Letting Go

I wonder how many times you may have heard someone refer to “letting go” as the task or the goal of grieving. Speaking for myself, I hear those words and feel a resistance or want to push back at the notion. Why, how, would I let go of that which I have held dear?

Some might suggest that, in grief, we can’t move forward with our lives until we release the person or situation we have been so closely bonded to. I, on the other hand, believe that we move on and discover healing as we find new ways to carry the influence, the meaning, the spirit or essence of our beloved with us. To create a residence in our heart, in our consciousness that embraces and holds close all that can enrich and inform us.

When I’m confronted with a decision I am eager to call upon the memory and wisdom of those who have gone before me and have been teachers in life. When I feel lonely, I draw close to those things that remind me of the times I’ve been loved. We are deeply enriched when we shift our focus from letting go toward integrating our losses and honoring the continuium of life where past overlaps with present and becomes our foundation for future.

We create new ways of experiencing these relationships allowing memories to be our bridges, we use objects and rituals to keep us “in touch” and we breathe some sigh of relief, recognizing that healing in grief will never ask us to sever a precious bond.

What do you think?

One thought on “Letting Go

  1. Letting go implies letting go of control, anger, perhaps some lesser dimensional bonds as well as the physical domain where the person used to take up residence. For me, I had to let go of my way knowing and learn a greater way of knowing in order to allow people I had lost on this earth to continue to enrich my life.

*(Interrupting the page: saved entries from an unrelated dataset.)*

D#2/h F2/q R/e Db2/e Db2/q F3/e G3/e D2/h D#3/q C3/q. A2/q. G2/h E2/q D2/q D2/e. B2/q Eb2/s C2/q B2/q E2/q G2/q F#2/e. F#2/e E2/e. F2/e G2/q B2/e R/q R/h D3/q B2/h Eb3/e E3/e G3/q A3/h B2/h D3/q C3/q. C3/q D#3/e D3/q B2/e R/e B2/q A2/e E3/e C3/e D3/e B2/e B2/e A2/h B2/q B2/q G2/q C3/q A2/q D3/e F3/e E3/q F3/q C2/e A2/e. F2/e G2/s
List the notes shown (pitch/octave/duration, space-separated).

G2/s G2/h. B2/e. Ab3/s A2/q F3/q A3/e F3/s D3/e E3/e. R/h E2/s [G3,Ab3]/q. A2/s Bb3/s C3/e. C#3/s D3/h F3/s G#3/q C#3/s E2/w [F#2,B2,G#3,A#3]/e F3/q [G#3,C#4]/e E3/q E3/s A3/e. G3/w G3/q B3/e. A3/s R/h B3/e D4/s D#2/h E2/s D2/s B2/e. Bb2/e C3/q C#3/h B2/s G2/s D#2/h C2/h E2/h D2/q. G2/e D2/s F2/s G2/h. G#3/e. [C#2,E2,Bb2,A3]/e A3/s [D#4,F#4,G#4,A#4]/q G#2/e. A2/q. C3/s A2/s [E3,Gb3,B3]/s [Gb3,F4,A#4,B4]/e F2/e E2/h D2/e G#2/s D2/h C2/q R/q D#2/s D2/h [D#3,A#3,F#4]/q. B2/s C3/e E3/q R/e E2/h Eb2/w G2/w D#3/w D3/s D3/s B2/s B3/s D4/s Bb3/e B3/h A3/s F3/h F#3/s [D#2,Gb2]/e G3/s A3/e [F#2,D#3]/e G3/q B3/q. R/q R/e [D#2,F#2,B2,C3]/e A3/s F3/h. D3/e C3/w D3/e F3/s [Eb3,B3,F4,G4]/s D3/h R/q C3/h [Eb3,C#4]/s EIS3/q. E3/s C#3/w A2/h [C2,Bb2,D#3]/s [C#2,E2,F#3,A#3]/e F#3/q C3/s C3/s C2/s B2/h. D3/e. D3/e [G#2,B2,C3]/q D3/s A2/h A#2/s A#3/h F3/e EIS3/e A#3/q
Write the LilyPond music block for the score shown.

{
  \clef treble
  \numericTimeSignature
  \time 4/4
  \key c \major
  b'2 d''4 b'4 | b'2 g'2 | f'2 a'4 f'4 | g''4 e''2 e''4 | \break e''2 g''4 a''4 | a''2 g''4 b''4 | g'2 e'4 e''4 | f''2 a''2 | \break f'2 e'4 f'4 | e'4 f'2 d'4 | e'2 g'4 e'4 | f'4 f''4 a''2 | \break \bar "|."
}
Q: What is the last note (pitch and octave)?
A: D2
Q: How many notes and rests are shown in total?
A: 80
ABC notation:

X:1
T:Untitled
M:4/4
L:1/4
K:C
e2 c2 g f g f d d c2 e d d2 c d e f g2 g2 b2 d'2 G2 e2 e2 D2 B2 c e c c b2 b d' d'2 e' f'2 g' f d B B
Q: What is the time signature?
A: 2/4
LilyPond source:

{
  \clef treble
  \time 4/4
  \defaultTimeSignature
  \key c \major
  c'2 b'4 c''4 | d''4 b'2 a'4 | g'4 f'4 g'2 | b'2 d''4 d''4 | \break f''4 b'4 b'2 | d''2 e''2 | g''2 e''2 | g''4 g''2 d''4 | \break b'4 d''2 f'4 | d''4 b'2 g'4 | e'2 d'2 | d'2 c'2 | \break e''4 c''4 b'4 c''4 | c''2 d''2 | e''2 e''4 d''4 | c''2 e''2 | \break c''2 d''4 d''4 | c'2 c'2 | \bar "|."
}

    I do think people need to be coached to let go of that which disallows our spirits to remain connected. I believe there is a freeing that happens within when I let go of what once was. A knew perspective and deeper knowing moves us closer to people with whom I have known in an earthly manner.

    Most importantly, the letting go that I have done after losses frees me — not others — to walk on this earth, and, within my own heart and spirit in a more transcending manner. I am no longer the center of the letting go, loss is no longer the controller of my grief, and I enter into new relationships with self, grief, love, thinking, and of course, those I have loved and have loved me.